■ Work task
In the entries that follow, the lines from the line containing "Hey family, what's" up to and including the line containing "If you guys" must be copied exactly, with pictures omitted.

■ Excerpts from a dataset
=== Begin Enclosure ===

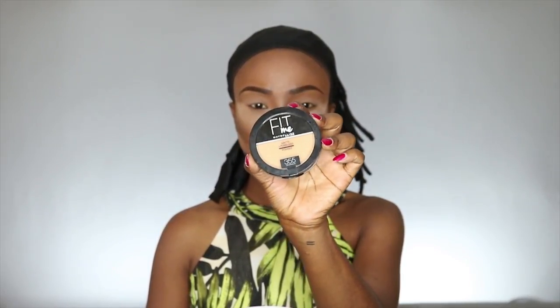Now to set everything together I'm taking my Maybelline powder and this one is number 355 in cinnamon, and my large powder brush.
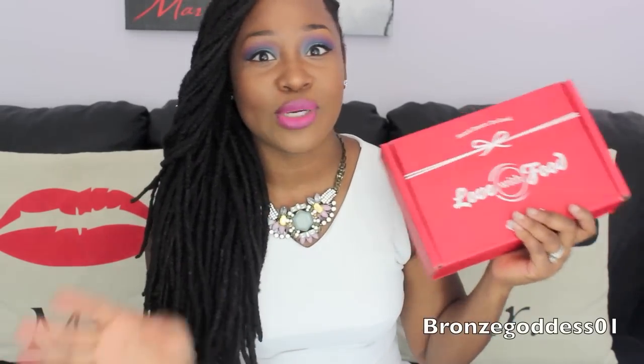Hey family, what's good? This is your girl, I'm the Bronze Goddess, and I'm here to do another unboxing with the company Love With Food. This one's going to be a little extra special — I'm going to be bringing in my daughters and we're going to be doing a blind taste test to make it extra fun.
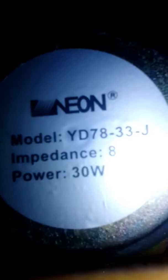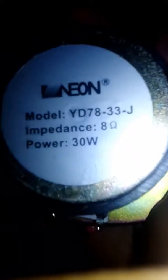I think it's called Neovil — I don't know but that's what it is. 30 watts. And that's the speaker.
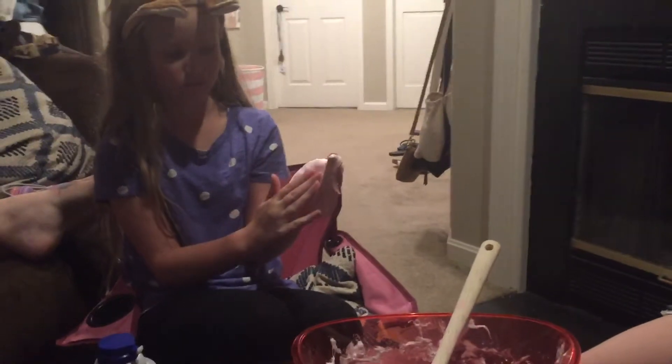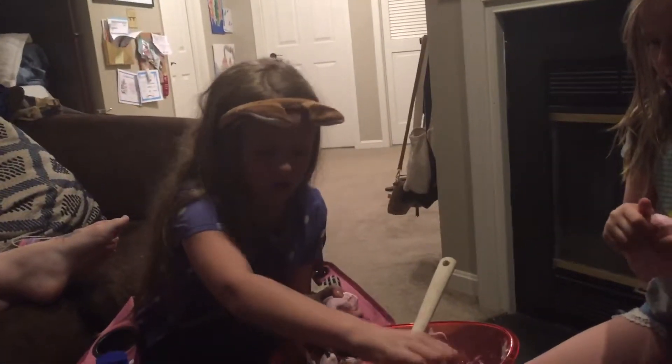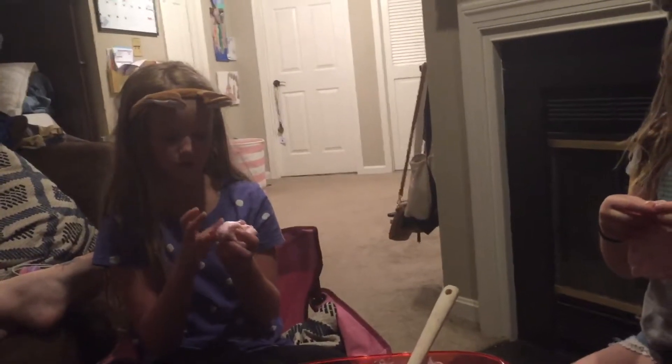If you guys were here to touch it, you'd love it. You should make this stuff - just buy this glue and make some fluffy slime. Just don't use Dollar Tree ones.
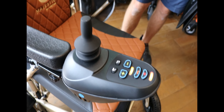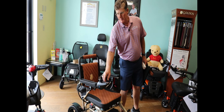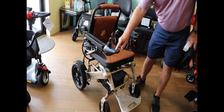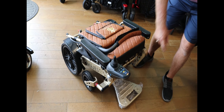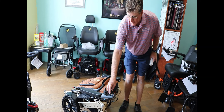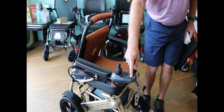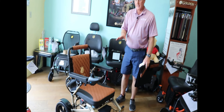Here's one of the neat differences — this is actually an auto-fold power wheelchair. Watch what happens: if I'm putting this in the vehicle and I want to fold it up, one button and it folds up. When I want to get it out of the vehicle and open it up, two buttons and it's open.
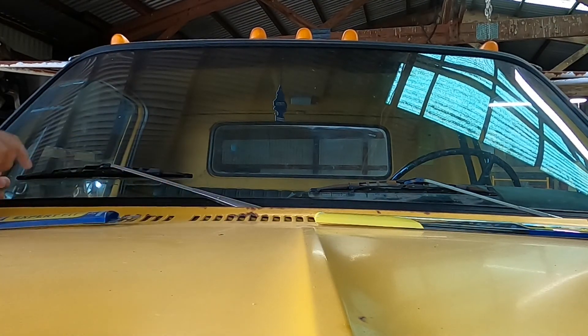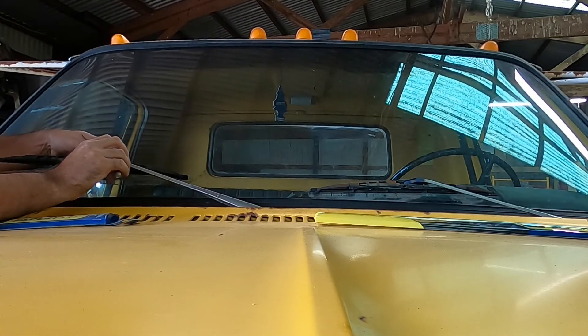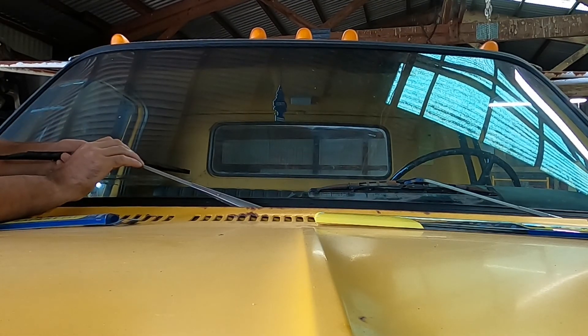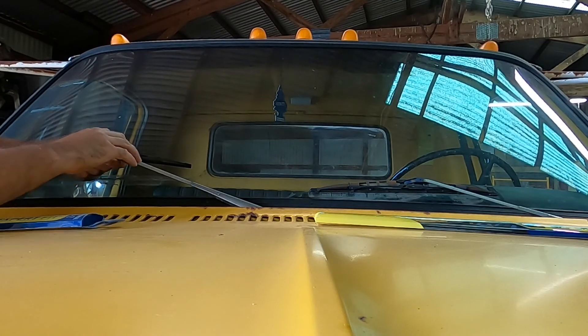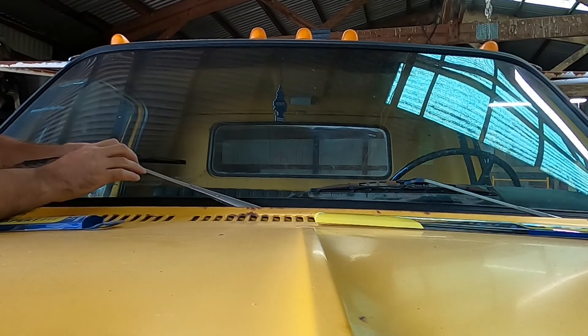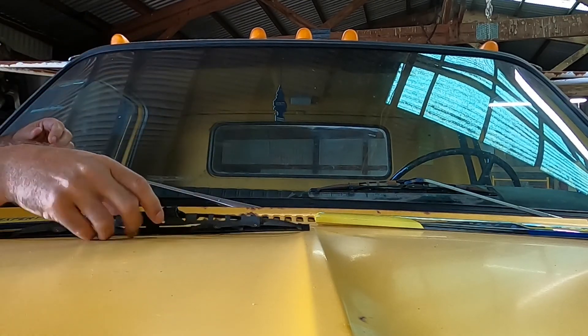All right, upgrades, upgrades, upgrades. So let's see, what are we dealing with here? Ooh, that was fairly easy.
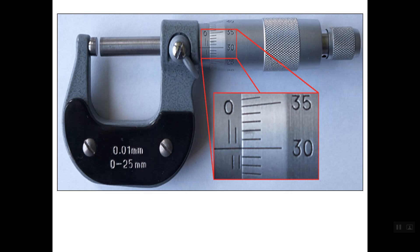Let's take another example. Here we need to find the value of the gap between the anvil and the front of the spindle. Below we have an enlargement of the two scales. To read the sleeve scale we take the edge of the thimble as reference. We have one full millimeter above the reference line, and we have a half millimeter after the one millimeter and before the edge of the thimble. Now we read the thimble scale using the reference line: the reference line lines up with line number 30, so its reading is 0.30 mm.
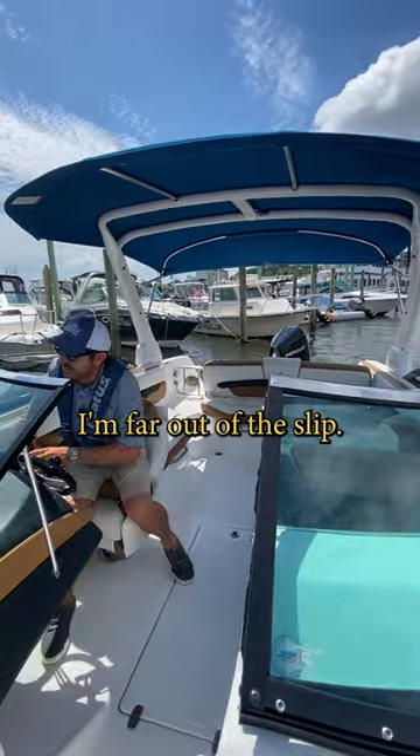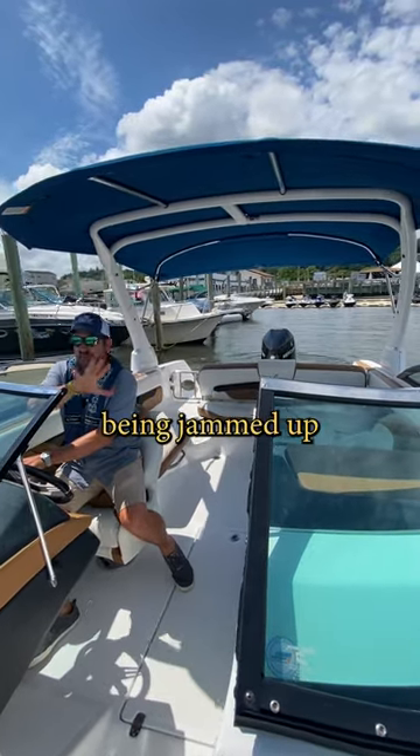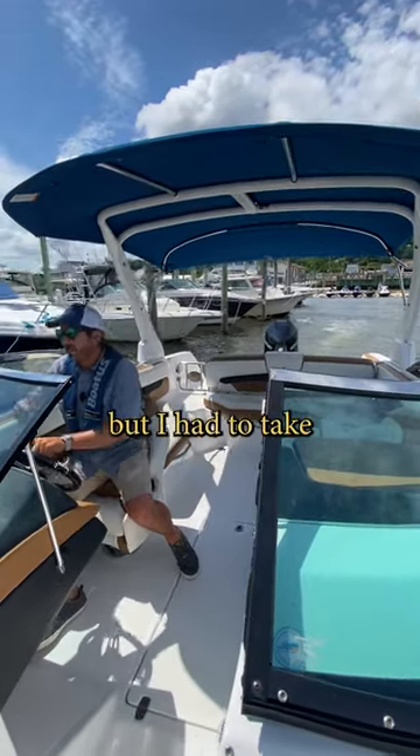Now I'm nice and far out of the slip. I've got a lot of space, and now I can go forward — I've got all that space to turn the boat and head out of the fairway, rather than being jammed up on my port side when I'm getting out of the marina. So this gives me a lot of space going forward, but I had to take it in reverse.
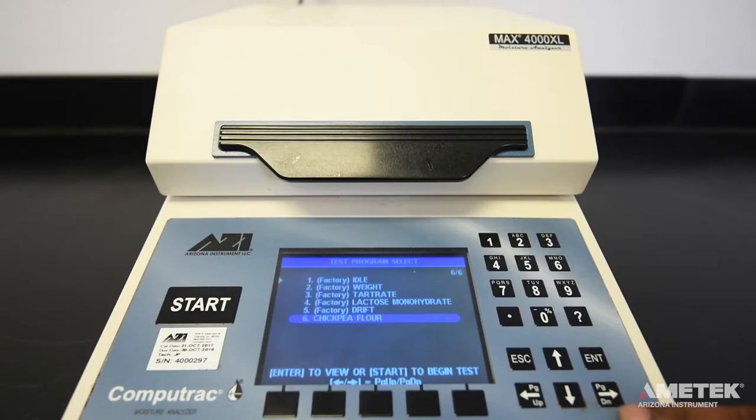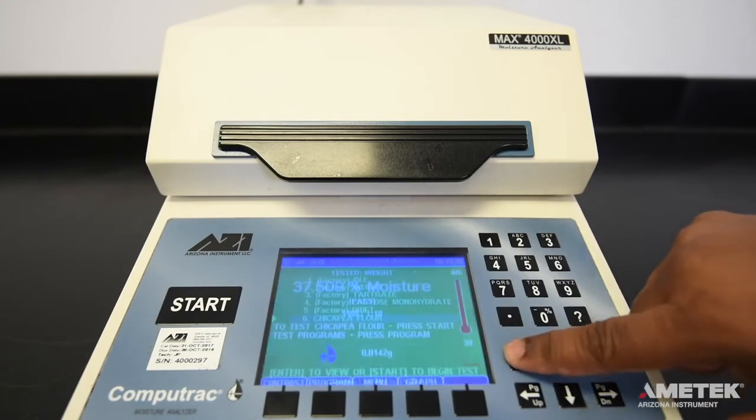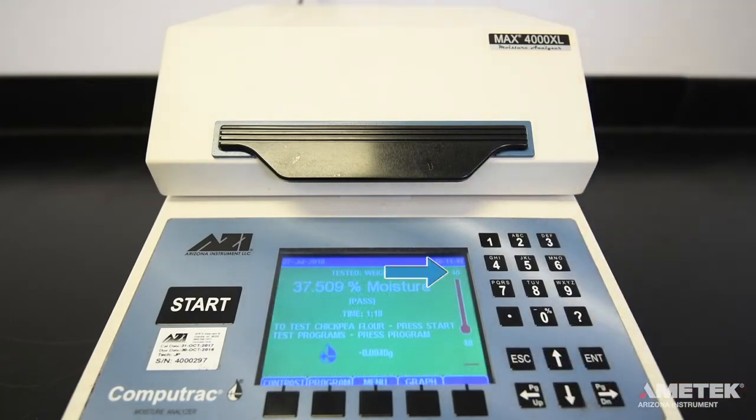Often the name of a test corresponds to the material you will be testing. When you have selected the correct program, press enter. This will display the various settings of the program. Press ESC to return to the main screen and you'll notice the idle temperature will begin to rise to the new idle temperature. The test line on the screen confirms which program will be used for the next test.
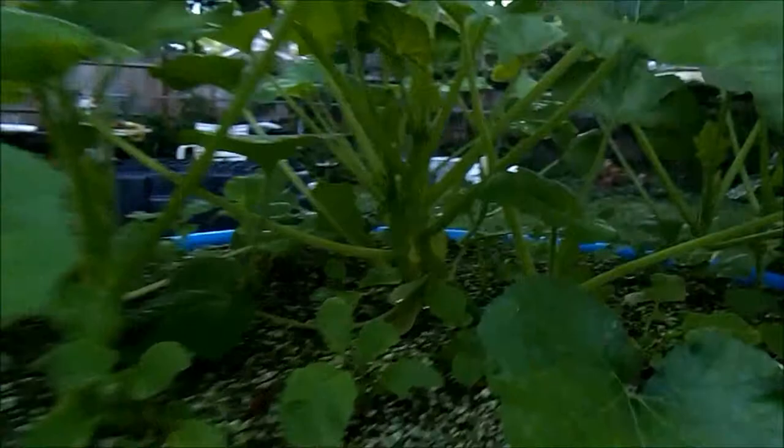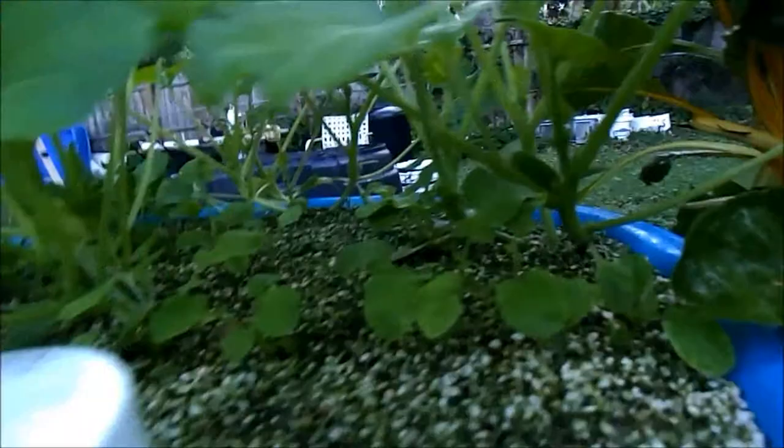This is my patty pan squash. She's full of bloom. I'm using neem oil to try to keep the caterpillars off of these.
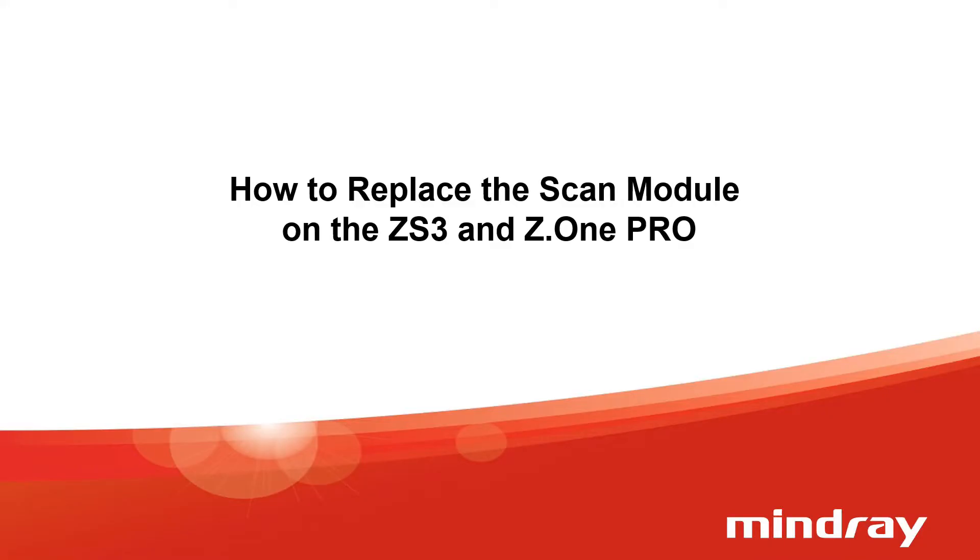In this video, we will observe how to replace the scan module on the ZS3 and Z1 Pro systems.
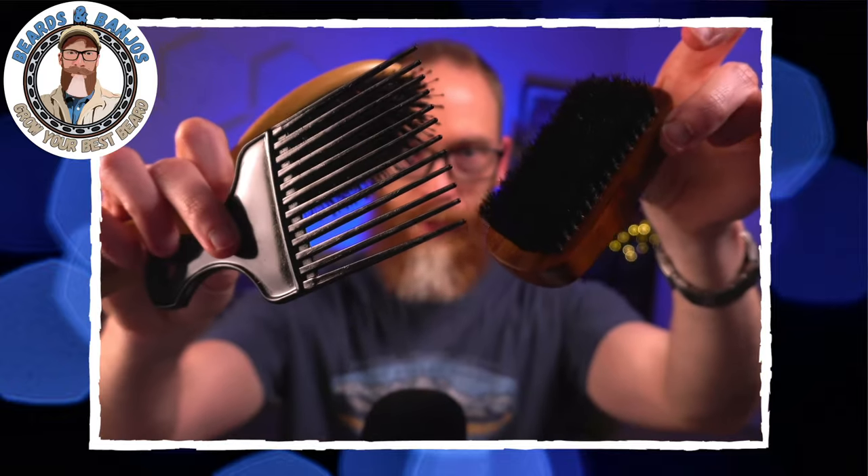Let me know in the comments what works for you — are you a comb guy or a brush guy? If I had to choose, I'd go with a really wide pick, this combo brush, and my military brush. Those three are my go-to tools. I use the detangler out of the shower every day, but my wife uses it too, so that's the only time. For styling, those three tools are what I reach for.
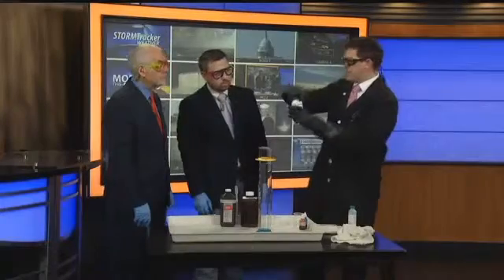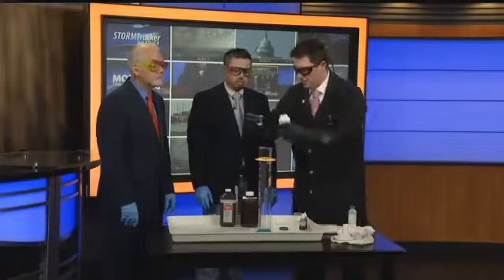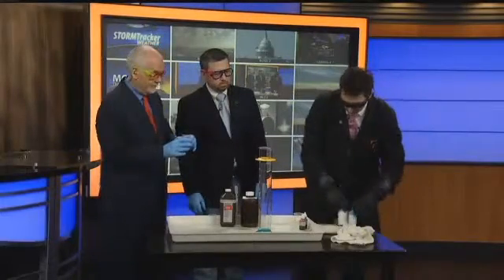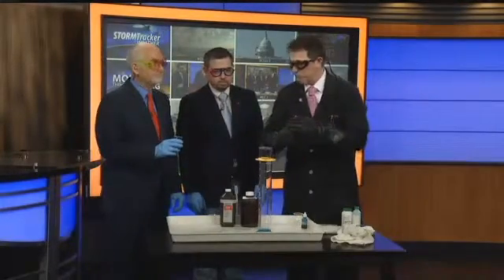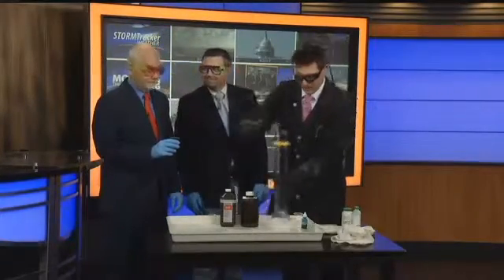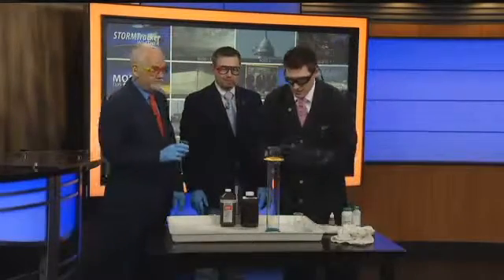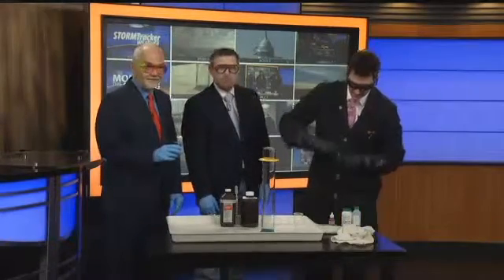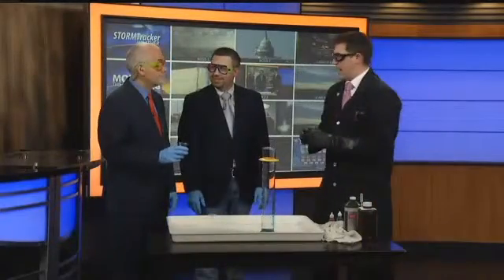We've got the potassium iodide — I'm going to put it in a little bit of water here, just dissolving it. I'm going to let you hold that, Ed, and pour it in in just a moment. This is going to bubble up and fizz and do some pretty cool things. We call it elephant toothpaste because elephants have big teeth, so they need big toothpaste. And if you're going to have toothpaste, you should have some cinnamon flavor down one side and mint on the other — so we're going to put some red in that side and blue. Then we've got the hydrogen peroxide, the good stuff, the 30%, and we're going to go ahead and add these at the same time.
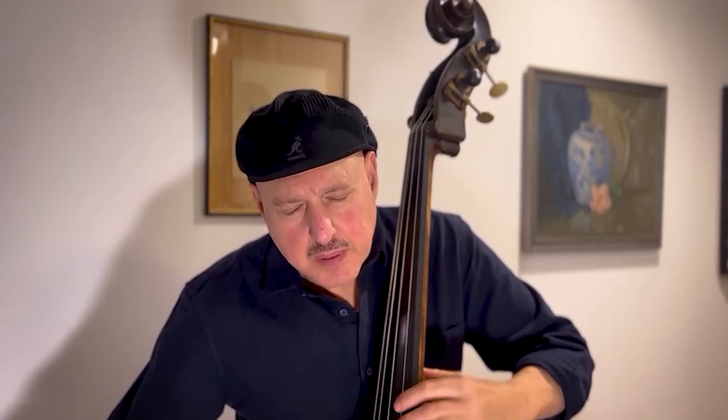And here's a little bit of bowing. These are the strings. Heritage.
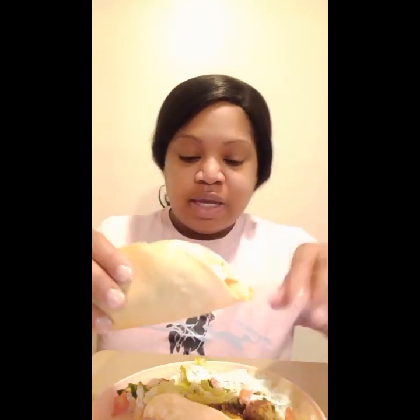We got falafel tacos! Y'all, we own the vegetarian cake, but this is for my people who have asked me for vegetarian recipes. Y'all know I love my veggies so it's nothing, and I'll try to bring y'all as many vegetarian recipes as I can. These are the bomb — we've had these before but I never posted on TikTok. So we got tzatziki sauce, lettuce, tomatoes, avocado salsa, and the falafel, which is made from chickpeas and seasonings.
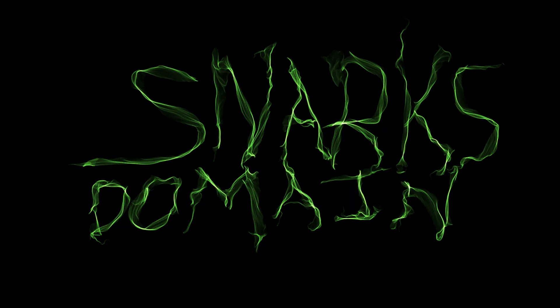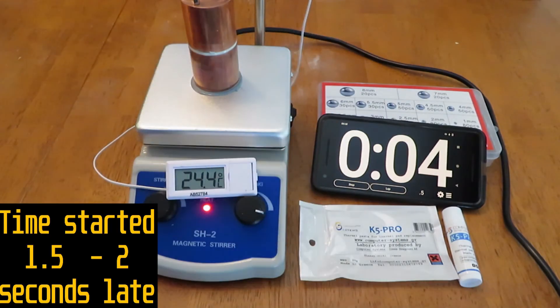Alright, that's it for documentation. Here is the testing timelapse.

=== End Enclosure ===

■ Your solution
Hey family, what's good? This is your girl, I'm the Bronze Goddess, and I'm here to do another unboxing with the company Love With Food. This one's going to be a little extra special — I'm going to be bringing in my daughters and we're going to be doing a blind taste test to make it extra fun.
I think it's called Neovil — I don't know but that's what it is. 30 watts. And that's the speaker.
If you guys were here to touch it, you'd love it. You should make this stuff - just buy this glue and make some fluffy slime. Just don't use Dollar Tree ones.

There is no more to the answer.